Elle est très tactique, parvient à flatter les uns et les autres, souvent opposés entre eux. Et en dépit de discours parfois radicaux, elle poursuivra une part des projets de Draghi, ne rompra pas avec l’UE ni avec le consensus néolibéral… On a d’ailleurs appris que Draghi et elle se sont téléphonés régulièrement ces dernières semaines. C’est pour cela qu’elle coche toutes les cases d’une opposition contrôlée.
C’est ainsi que certains complotistes ou, pour reprendre vos termes, adeptes des « fantasmes de complot », définissent le parti de Meloni. Ces adeptes, comme outre-Atlantique, sont-ils liés à l’extrême droite ?
Il y a certains liens, évidemment. Mais je dirais que la caractéristique très italienne de ces adeptes est plutôt leur tendance catholique – comme au Brésil, par exemple. Ils s’inspirent de traditions très anciennes et très ancrées dans l’imaginaire transalpin, et d’un catholicisme traditionnaliste qui puise dans l’histoire de la Contre-réforme inquisitoriale.

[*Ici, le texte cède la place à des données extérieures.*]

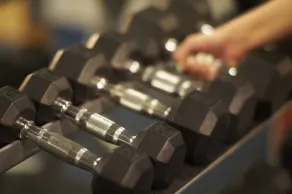 Kinzie Hotel - Salle de remise en forme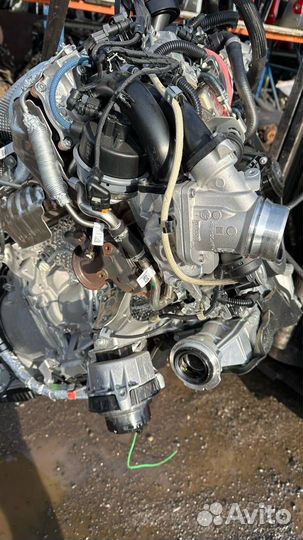 Турбина BMW 5 G30/G31 рест. G30 2021 8587539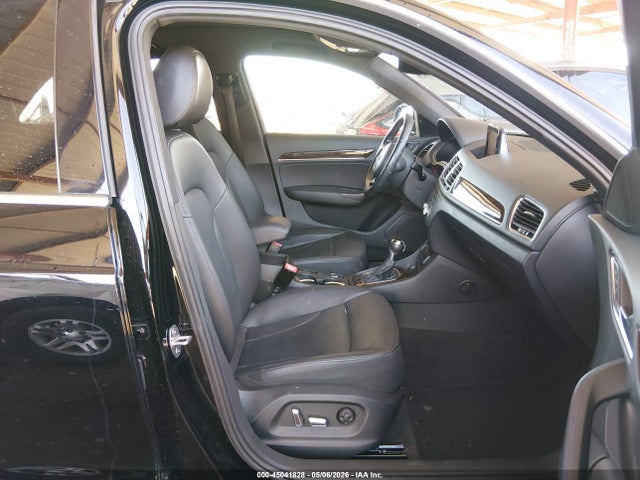 Продаж на аукціоні авто 2016 Audi Q3 2.0t Premium Plus, vin: WA1EFCFS5GR018492, номер лоту: 45041828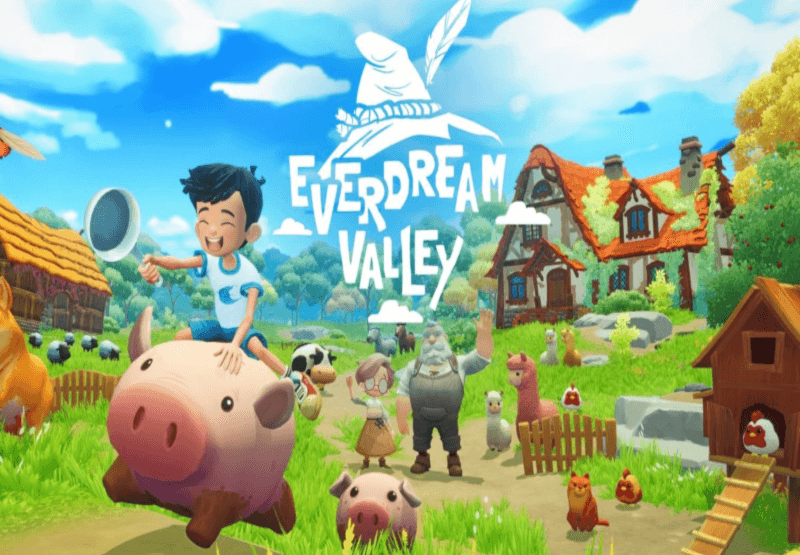 Everdream Valley بي سي ستيم حساب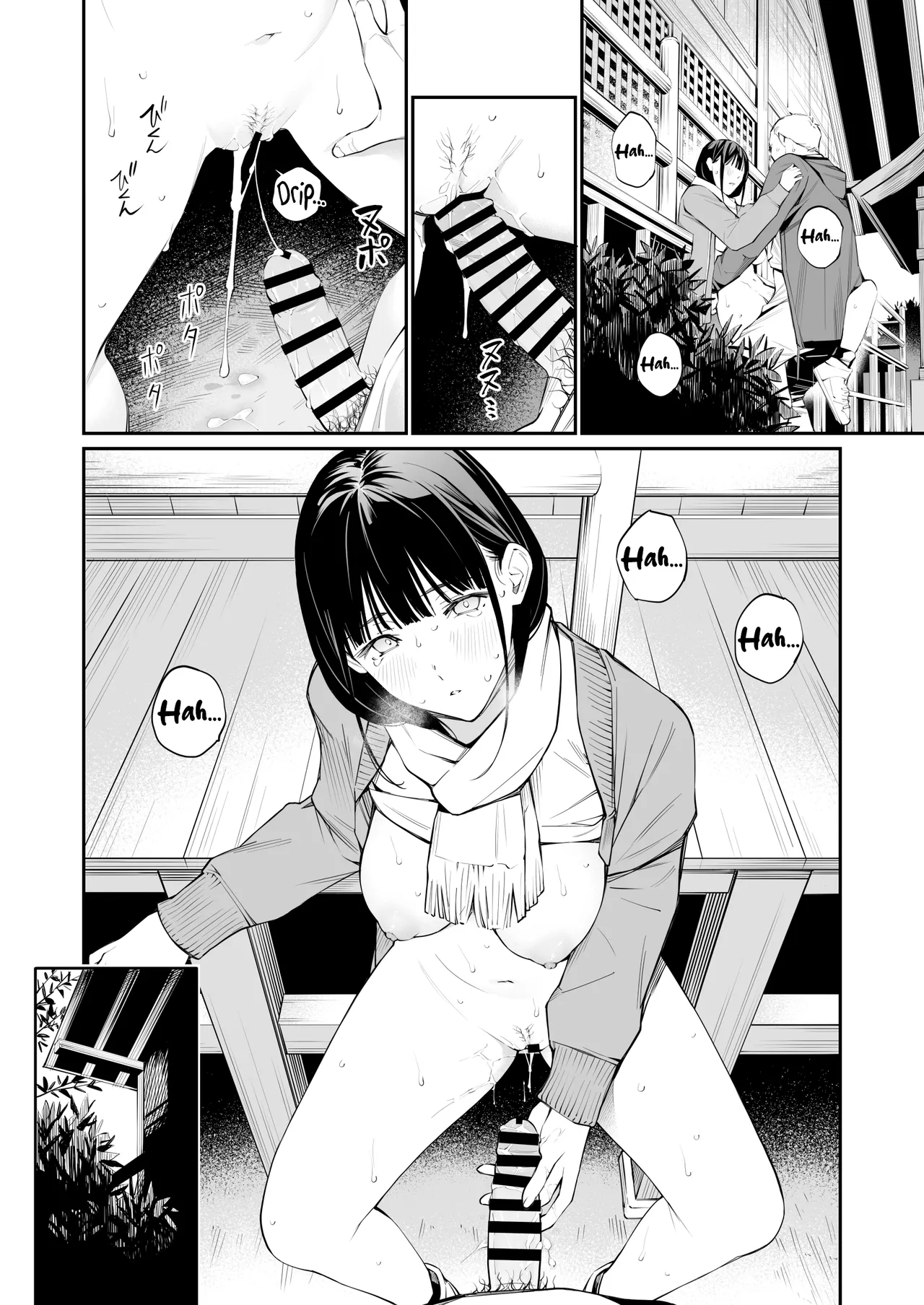 [Team☆Lucky (Hoshi to Lucky)] Oji-san de Umeru Ana 2-tsume | A Hole to Fill With Old Men 2 [English] [Kinsei Translations] 图片编号 29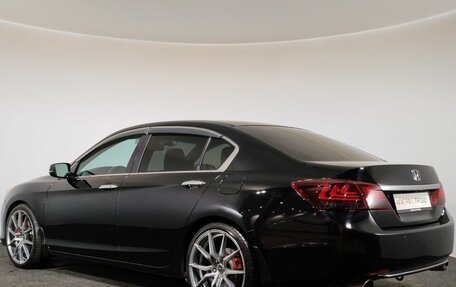 Honda Accord IX рестайлинг, 2013 год, 1 210 000 рублей, 7 фотография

Aujourd’hui, ils attaquent par exemple le pape François comme « hérétique » en disant que le vrai pape est encore Ratzinger, s’exprimant dans une galaxie de sites web, de radios ou de télévisions satellitaires. Cette tendance est bien plus forte en Italie que l’autre grande tendance de l’univers complotiste, très vive outre-Atlantique, plus influencée par le new age, les néo-hippies – et que l’Italie a en commun avec le reste de l’Occident.
La plus importante personnalité des QAnon italiens est un cardinal, Carlo-Maria Viganò, ancien ambassadeur du Vatican aux États-Unis. Mais je voudrais souligner que les QAnon et les autres adeptes des « fantasmes de complot » ne me semblent pas tant implantés que cela dans les partis d’extrême droite. Ils le sont bien davantage, en tout cas jusqu’à une période récente, au sein du M5S, qui a en effet été la chambre de compensation du conspirationnisme en Italie.
Les fantasmes de complot donnent essentiellement des réponses erronées à de vraies questions. Des réponses au mal-vivre, aux souffrances personnelles, à l’aliénation, à l’exploitation.
C’est au moment où il a été le plus fort, vers 2015-2017, que nombre de ses militants, qui provenaient pour une bonne part de mouvements contestataires de gauche, vont se mettre à développer des argumentations reprenant les principaux « fantasmes de complot ». Aujourd’hui, la plupart sont sortis du parti et devenus dissidents. Certains d’entre eux ont fondé un petit parti qui s’appelle « Italexit », dont le leader Gianluigi Paragone est un ancien député M5S.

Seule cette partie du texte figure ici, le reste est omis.